Image-caption web data
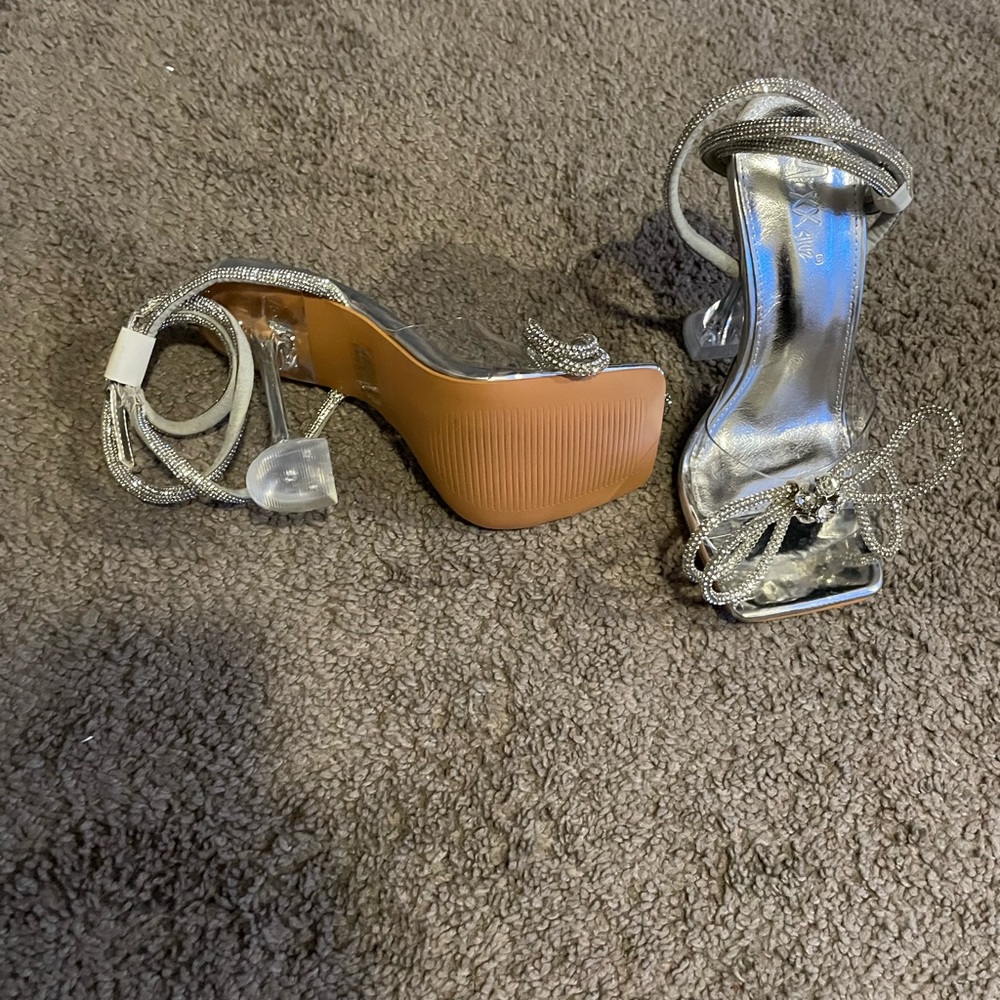 Bow heels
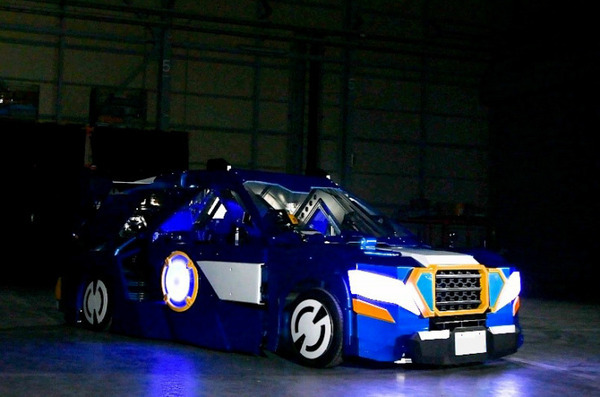 身長4mの人型トランスフォーム変形ロボットが進化！コクピットに搭乗して操縦＆遠隔操作もできる制御システム「V-Sido」搭載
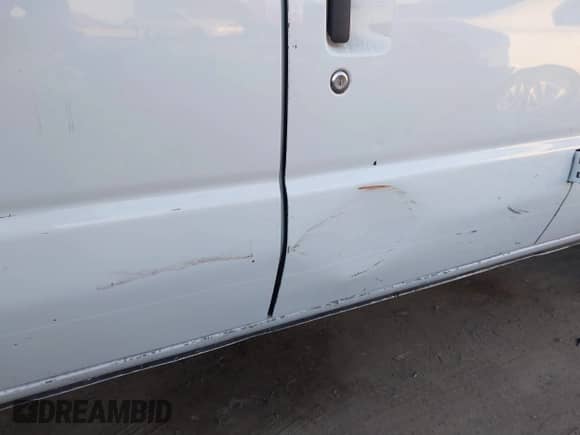 2008 Ford Econoline Cargo Commercial z VIN 1FTNS24L18DA11772, wystawiony jako IAAI lot #41025371 z przebiegiem 223 532 mil mil oraz . Historia ofert i sprzedaży dostępna na DreamBid. Obrazek 17.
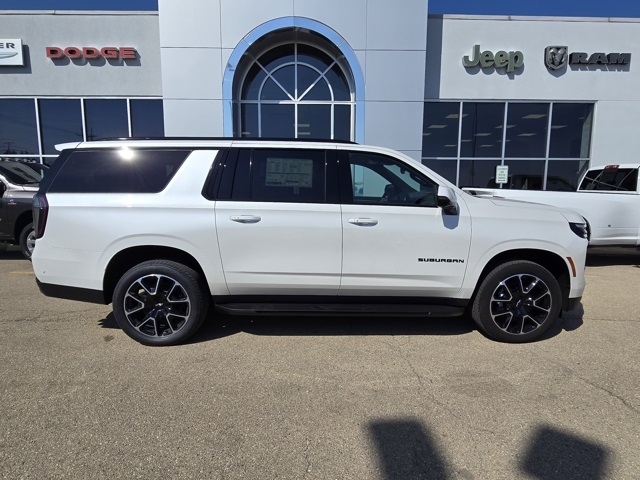 2025 Chevrolet Suburban RST photo 2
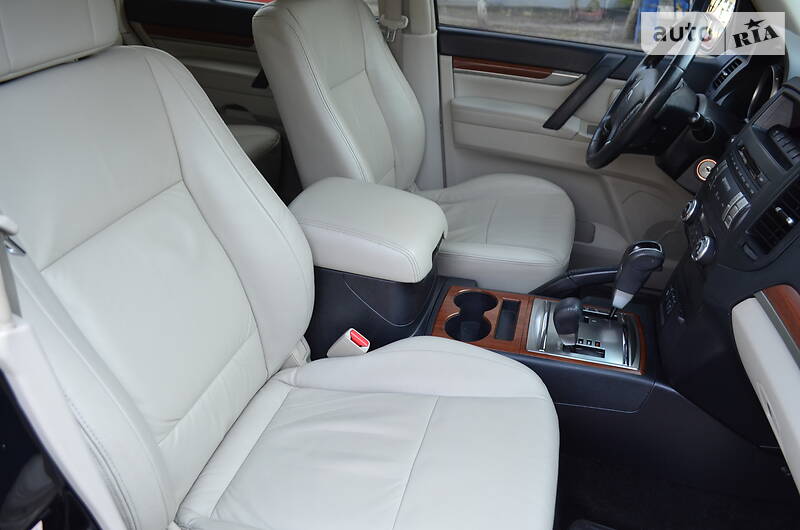 Позашляховик / Кросовер Mitsubishi Pajero Wagon 2007 в Харкові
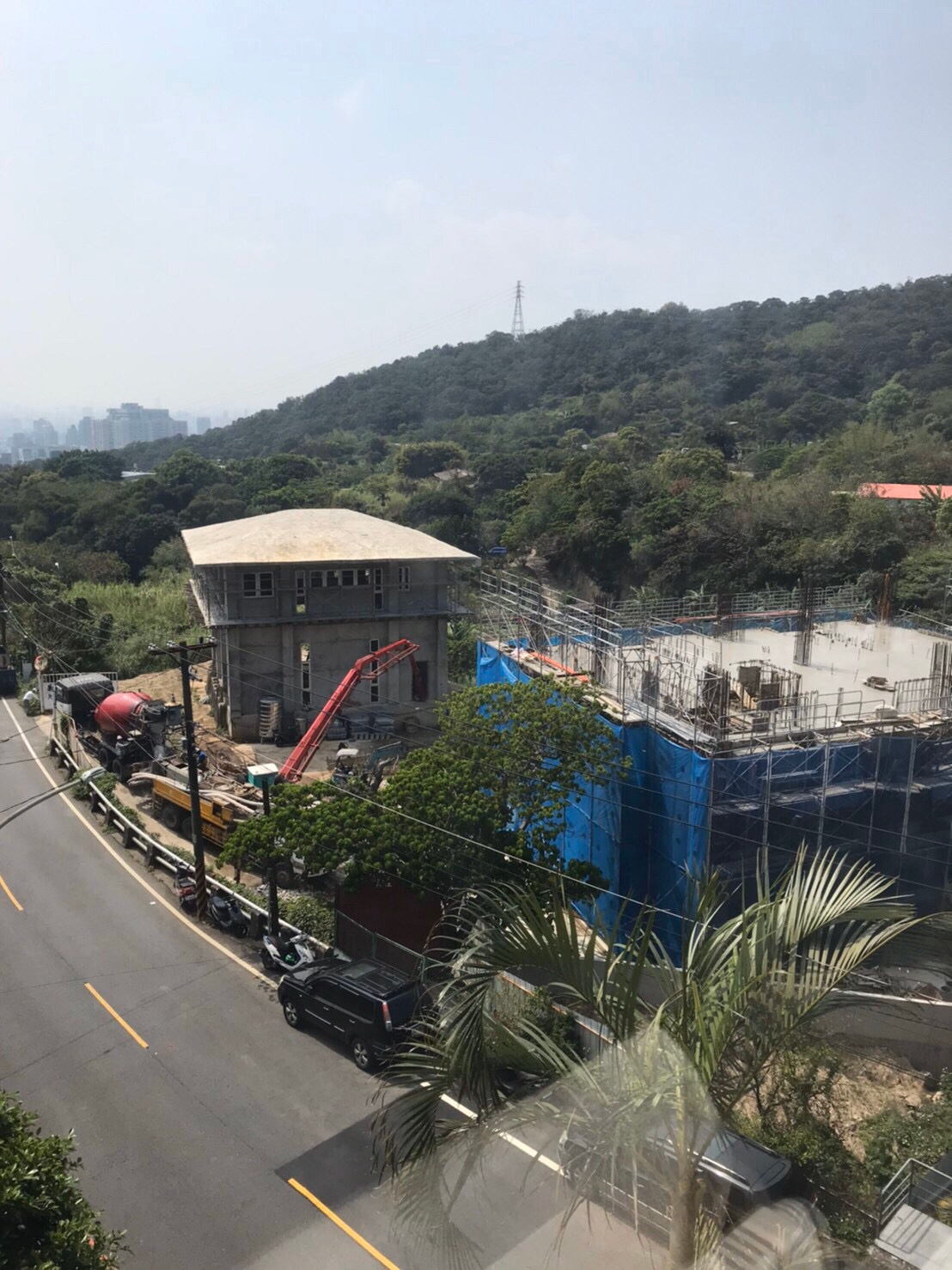 全笳卉在北投行義路上興建中的2棟道場建物被質疑位於山坡地保護區。（爆料民眾提供）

WHAT TO WORK ON:
An exact restatement of the lines from the one holding "Позашляховик / Кросовер" through the end of the entries, both ends included, is the whole answer. Pictures stay out.

RESULT OF THIS TASK:
 Позашляховик / Кросовер Mitsubishi Pajero Wagon 2007 в Харкові
 全笳卉在北投行義路上興建中的2棟道場建物被質疑位於山坡地保護區。（爆料民眾提供）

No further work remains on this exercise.